WHAT THIS TASK INVOLVES -
Every entry should be returned unchanged, with the pictures omitted.

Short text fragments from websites
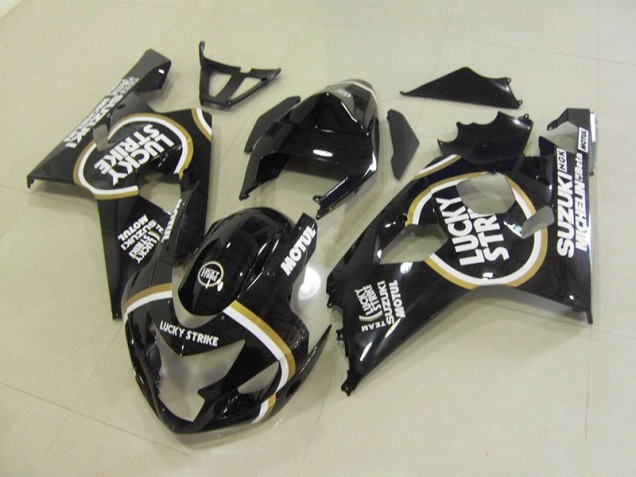 Negro Blanco Lucky Strike Motul Carenado Moto Suzuki GSXR 750 K4 2004-2005 Negro Blanco Lucky Strike Motul Carenado Moto Suzuki GSXR 750 K4 2004-2005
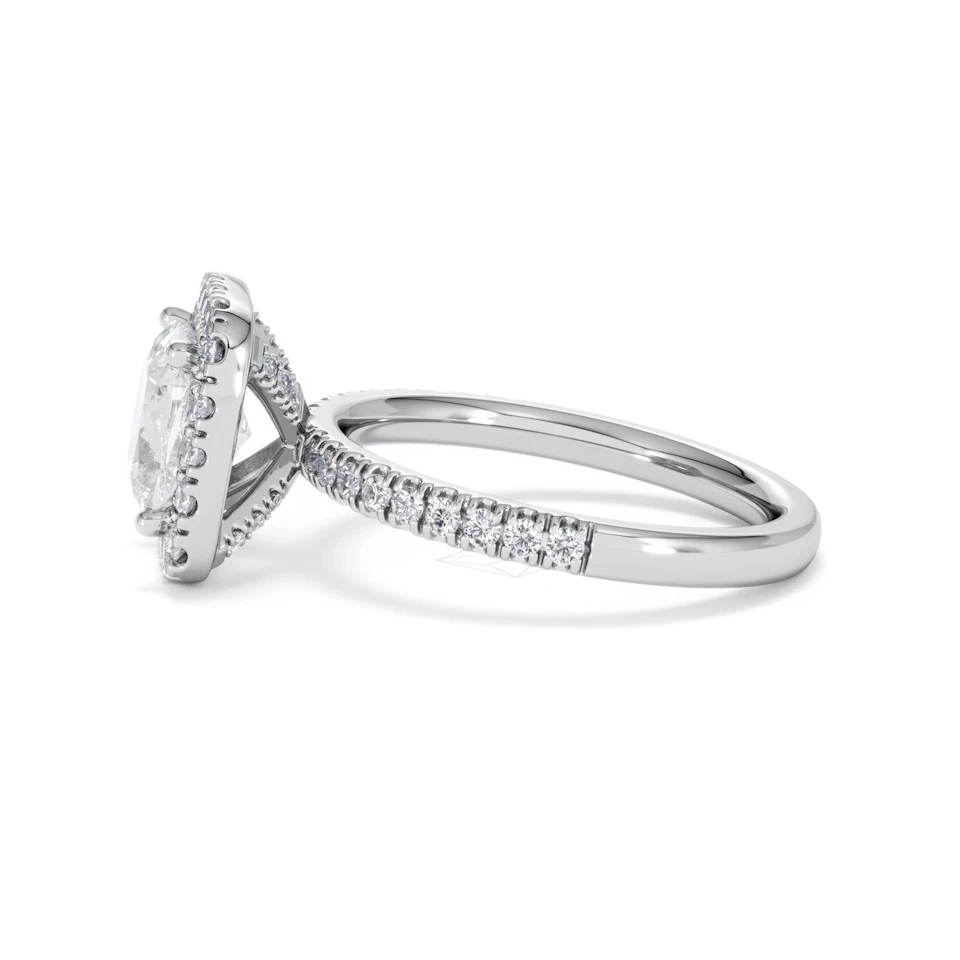 2.60ct Beatrice Lab Diamond Halo Engagement Ring in Platinum F/VS1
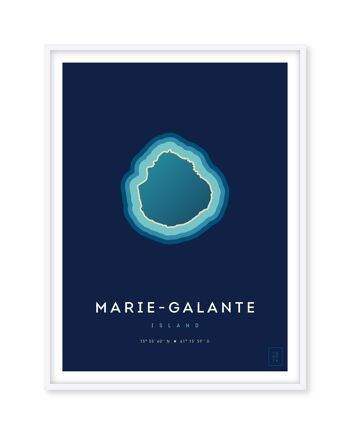 Affiche de l'île de Marie-Galante - 30 x 40 cm 1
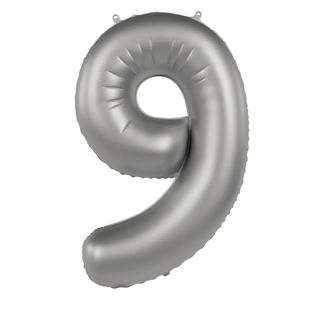 Folat Folieballon Cijfer 9 - Moonlight Silver - Satin Gloss - 86 cm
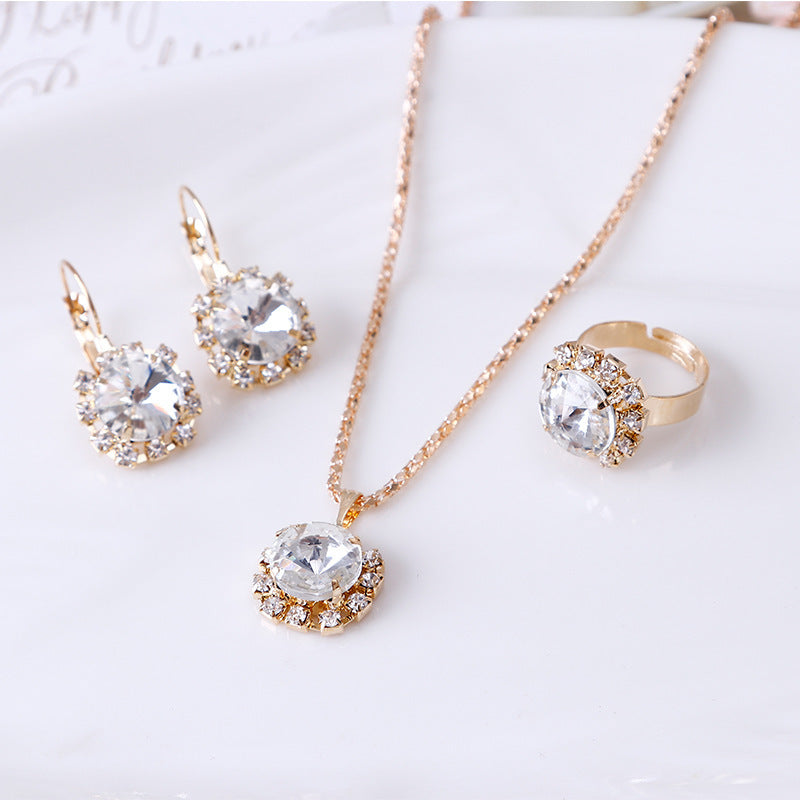 Europe America Round Crystal Jewelry Set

FINAL ANSWER -
 Negro Blanco Lucky Strike Motul Carenado Moto Suzuki GSXR 750 K4 2004-2005 Negro Blanco Lucky Strike Motul Carenado Moto Suzuki GSXR 750 K4 2004-2005
 2.60ct Beatrice Lab Diamond Halo Engagement Ring in Platinum F/VS1
 Affiche de l'île de Marie-Galante - 30 x 40 cm 1
 Folat Folieballon Cijfer 9 - Moonlight Silver - Satin Gloss - 86 cm
 Europe America Round Crystal Jewelry Set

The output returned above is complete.